Lines to return, exactly: from the line with "On Orbit and" to the line with "建设银行网站瘫痪吗，建行网站网址是多少" in the entries below, both included.

* **Exercise material**:

——————————

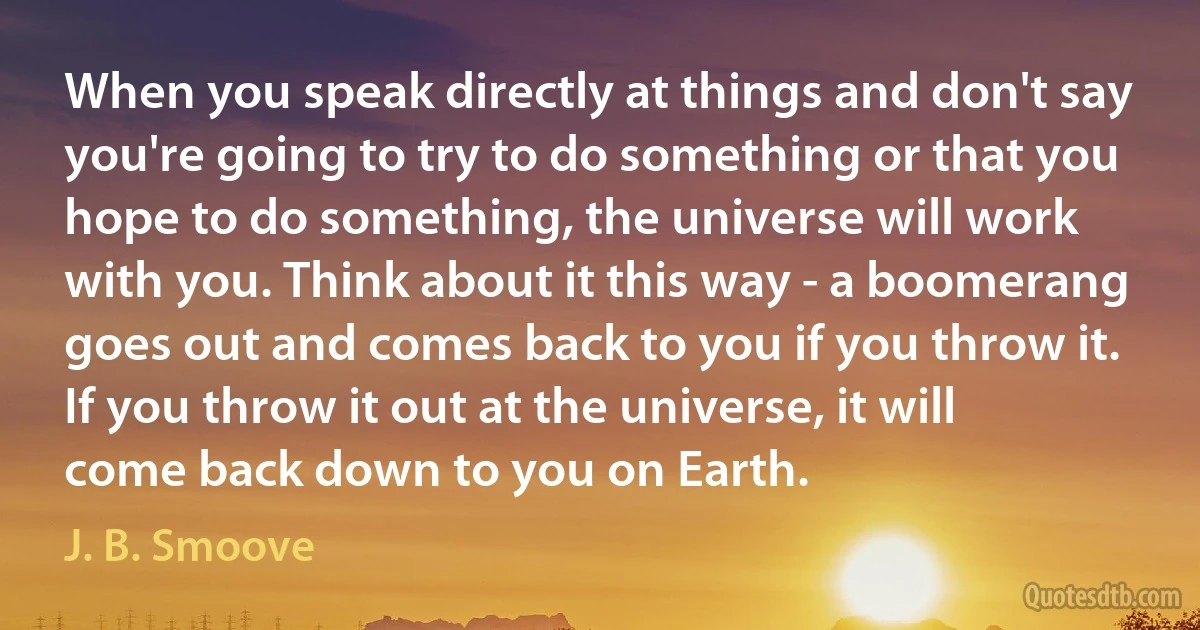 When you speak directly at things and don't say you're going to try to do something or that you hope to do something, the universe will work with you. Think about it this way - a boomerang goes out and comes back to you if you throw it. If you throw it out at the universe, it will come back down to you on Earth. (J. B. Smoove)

——————————

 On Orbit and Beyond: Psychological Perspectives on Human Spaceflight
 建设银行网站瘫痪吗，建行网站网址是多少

——————————

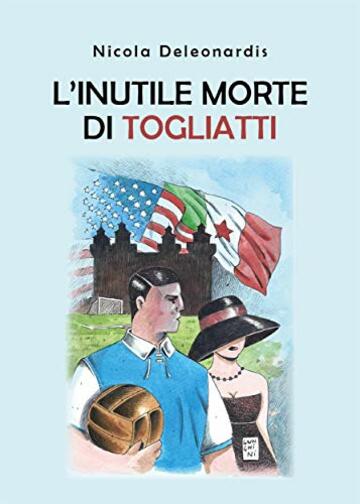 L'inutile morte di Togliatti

——————————

* **Problem solution**:
 On Orbit and Beyond: Psychological Perspectives on Human Spaceflight
 建设银行网站瘫痪吗，建行网站网址是多少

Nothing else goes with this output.